- Interactive map of Rekavand
- Coordinates: 36°42′43″N 53°37′55″E﻿ / ﻿36.712°N 53.632°E
- Country: Iran
- Province: Mazandaran
- County: Behshahr
- City: Khalil Shahr
- Time zone: UTC+3:30 (IRST)

= Rekavand =

Rekavand (رکاوند) is a neighborhood in the city of Khalil Shahr in Behshahr County of Mazandaran Province, Iran.

Formerly, it was a village in Panj Hezareh Rural District, which was merged with nearby villages to establish the city in 2005.

==Geography==
Rekavand is in the northwestern part of Khalil Shahr in the Mazandaran Plain, bordering Behshahr-Gorgan Road to its south, and Kelak to its west. It is 7 km east of Behshahr. It's temperate and humid climate has allowed the cultivation of rice, wheat, Tomato, citrus and Pomegranate. Silk and cotton were also common.

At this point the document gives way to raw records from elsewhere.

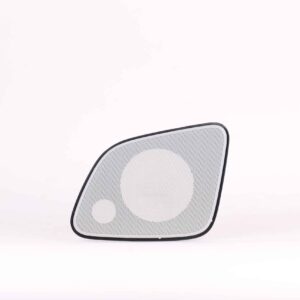 Grille | 4M0 868 150 C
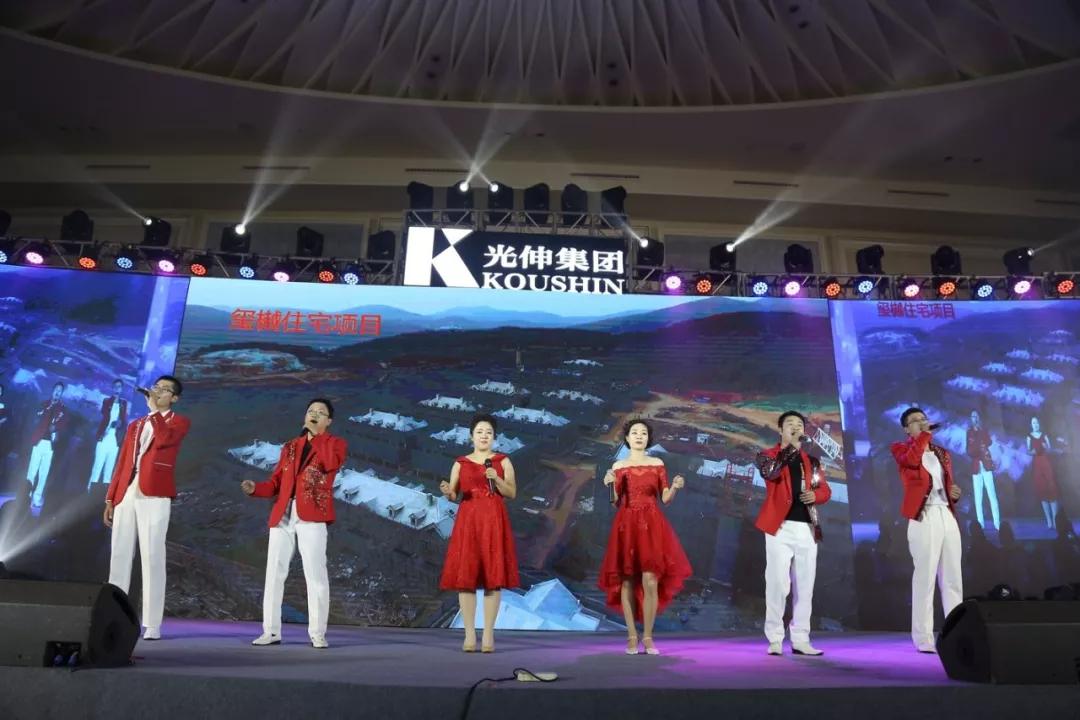 PG电子·(中国)官方网站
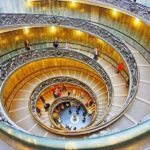 Rome in a day Vatican, Colosseum, Squares Private Tour with Lunch - Practical Considerations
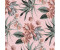 Superfresco Easy 114165 Blumen pink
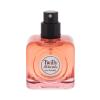 Hermes Twilly d´Hermès Eau Poivrée Eau de Parfum für Frauen 30 ml Tester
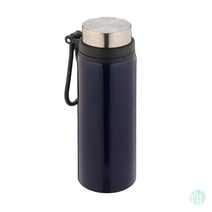 스텐 보온병 800ML 블랙 텀블러대량구매 보냉텀블러 보냉병 보온보냉텀블러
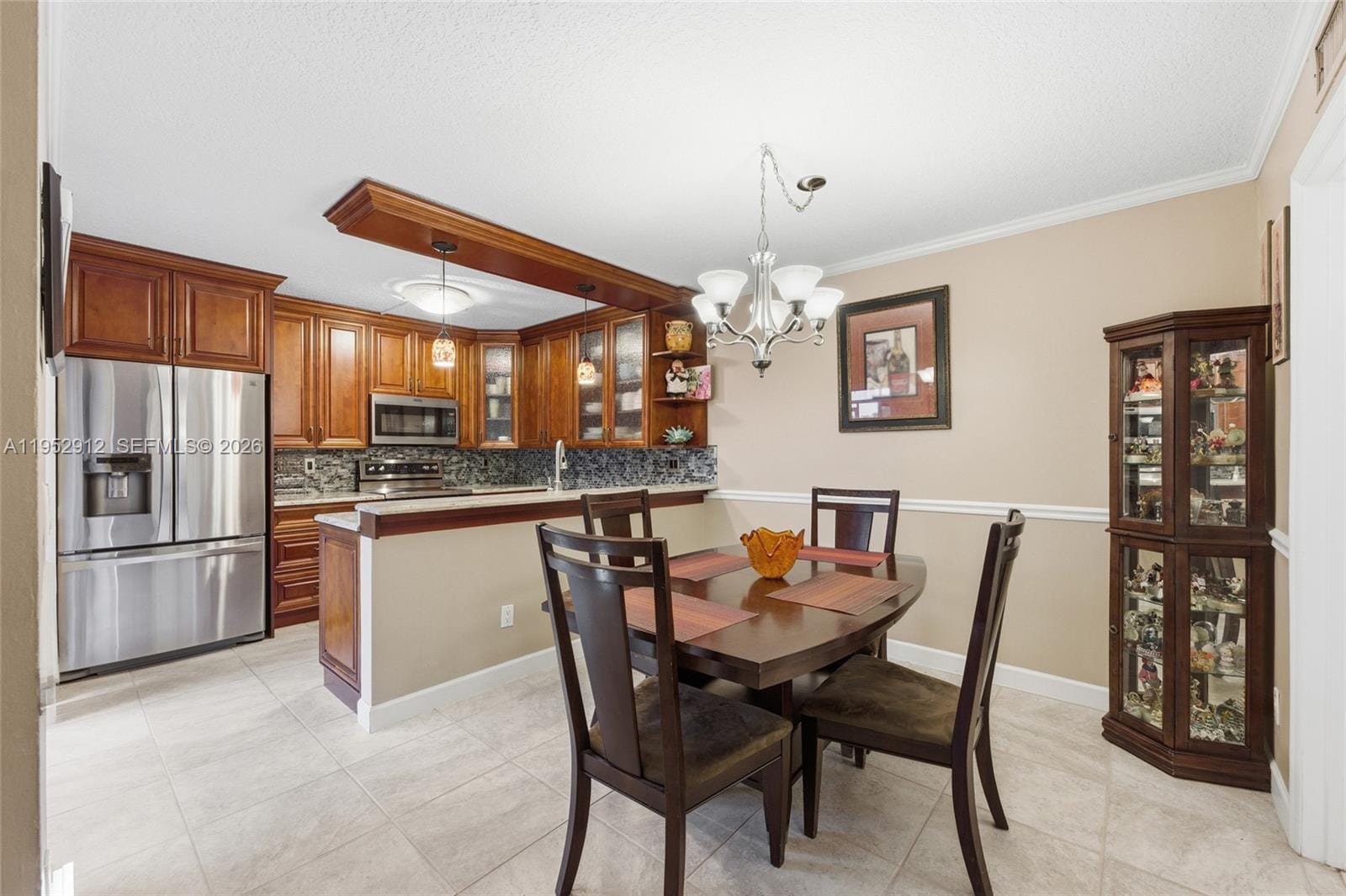 1172 SW 118th Terrace — photo 5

The main source of water in Rekavand were Qanats, which date back to 18th century. The village gained access to "Seyyed ali Cheshmeh" water spring through pipes in 1960s, and
the use of qanats were forgotten.

Rekavand has a neighbourhood named Baqerabad, which was destroyed in the 8th Century AH for unknown reasons. It is said that the village might have been destroyed during Mongol invasions similar to other nearby villages and cities.

==Demographics==
People of Rekavand speak Mazanderani and Persian language.

===Population===
In 1950, its recorded population was 785. During Iran's national census in 1956, Rekavand had a population of 634 people.

The 1966 census recorded a population of 652 people in 122 households. Rekavand has had mosque, elementary and high school. The census results also recorded a population of 386 people and 58 households in "Posht Kiyaban-e Rekavand", a village south of Rekavand that was not mentioned in previous census.

At the 1976 census, it had a population of 945 people in 167 households. During that time the village had electricity and tap water infrastructure. At the 1986 census, Rekavand's population increased to 1,302 people in 241 households, of which 662 were educated.

Rekavand was annexed to Khalil Shahr city during its establishment in 2005. In January 2011, Rekavand's population was 1,703 people.